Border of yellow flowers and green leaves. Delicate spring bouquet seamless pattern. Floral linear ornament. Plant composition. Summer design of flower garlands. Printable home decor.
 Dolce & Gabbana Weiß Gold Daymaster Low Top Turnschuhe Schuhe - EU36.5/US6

-*-

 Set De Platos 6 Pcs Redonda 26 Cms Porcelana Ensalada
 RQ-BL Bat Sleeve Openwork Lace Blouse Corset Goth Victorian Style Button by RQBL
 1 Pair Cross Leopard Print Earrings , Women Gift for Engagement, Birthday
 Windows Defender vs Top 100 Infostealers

-*-

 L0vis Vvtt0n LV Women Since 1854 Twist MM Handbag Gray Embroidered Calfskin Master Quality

-*-

◆ YOUR ASSIGNMENT:
Of the lines above, retype only those from the line containing "Border of yellow" through the line containing "Dolce & Gabbana", including both, exactly.

◆ RESPONSE FOR THIS EXERCISE:
Border of yellow flowers and green leaves. Delicate spring bouquet seamless pattern. Floral linear ornament. Plant composition. Summer design of flower garlands. Printable home decor.
 Dolce & Gabbana Weiß Gold Daymaster Low Top Turnschuhe Schuhe - EU36.5/US6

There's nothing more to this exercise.